*ABOUT THIS EXERCISE*
Every picture stays out; everything else in the listing below is to be returned exactly.
------------------------------------------------
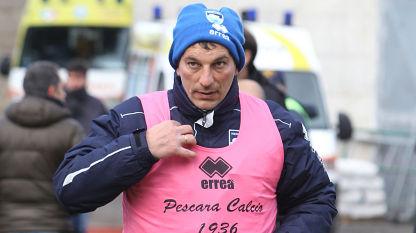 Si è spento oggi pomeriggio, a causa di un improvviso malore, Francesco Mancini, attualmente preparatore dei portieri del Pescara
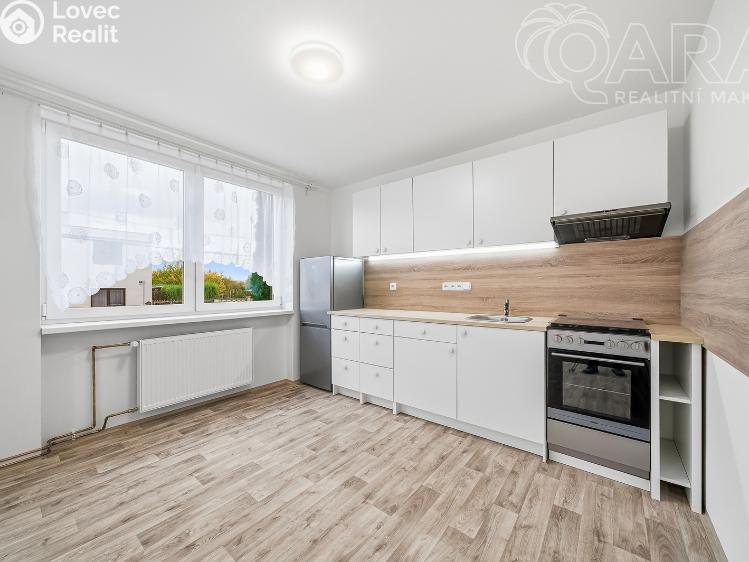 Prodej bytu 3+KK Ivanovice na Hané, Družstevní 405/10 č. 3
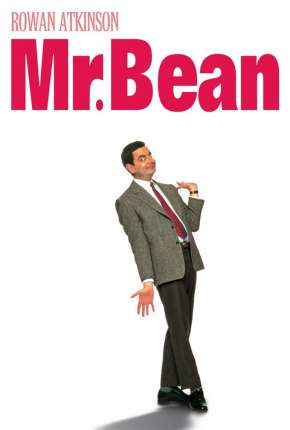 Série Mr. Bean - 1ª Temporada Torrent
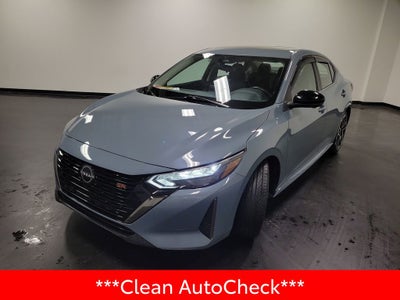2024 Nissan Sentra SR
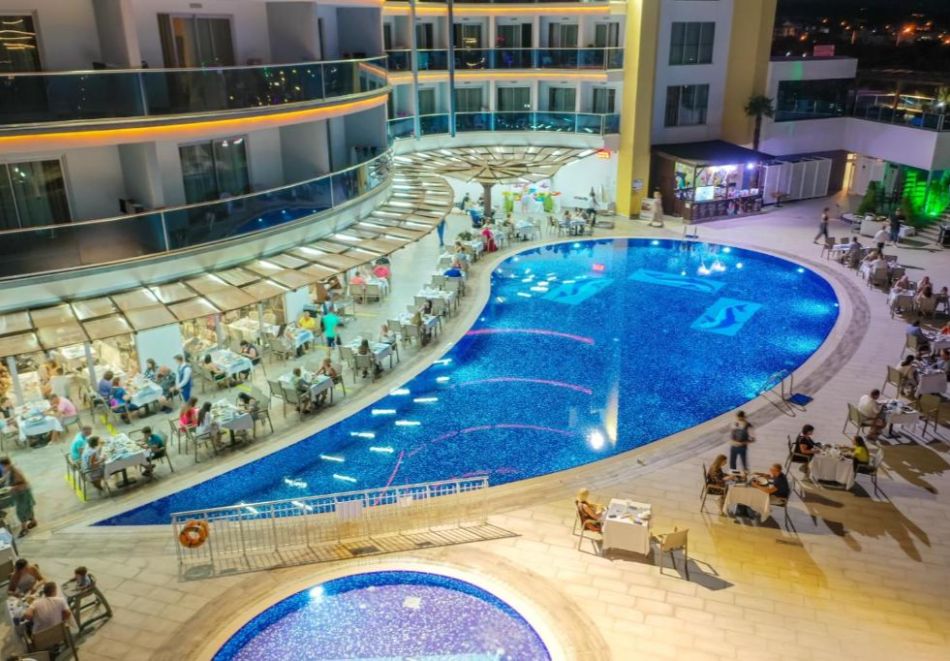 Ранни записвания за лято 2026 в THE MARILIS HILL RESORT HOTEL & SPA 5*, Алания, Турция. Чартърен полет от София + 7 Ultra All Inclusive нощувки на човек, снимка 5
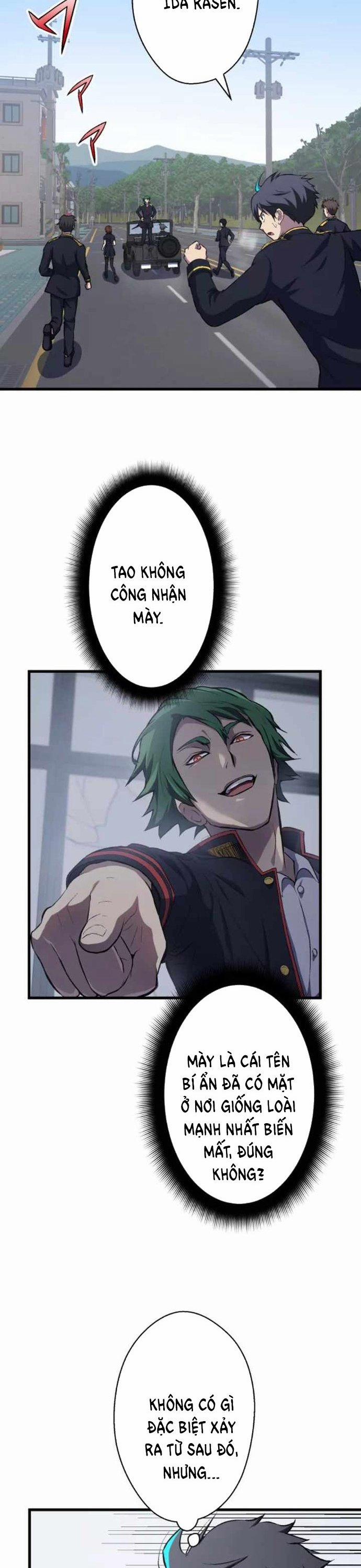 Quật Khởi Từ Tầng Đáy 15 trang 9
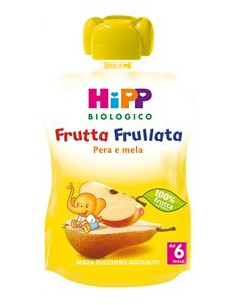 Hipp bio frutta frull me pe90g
------------------------------------------------
*EXPECTED ANSWER*
 Si è spento oggi pomeriggio, a causa di un improvviso malore, Francesco Mancini, attualmente preparatore dei portieri del Pescara
 Prodej bytu 3+KK Ivanovice na Hané, Družstevní 405/10 č. 3
 Série Mr. Bean - 1ª Temporada Torrent
2024 Nissan Sentra SR
 Ранни записвания за лято 2026 в THE MARILIS HILL RESORT HOTEL & SPA 5*, Алания, Турция. Чартърен полет от София + 7 Ultra All Inclusive нощувки на човек, снимка 5
 Quật Khởi Từ Tầng Đáy 15 trang 9
 Hipp bio frutta frull me pe90g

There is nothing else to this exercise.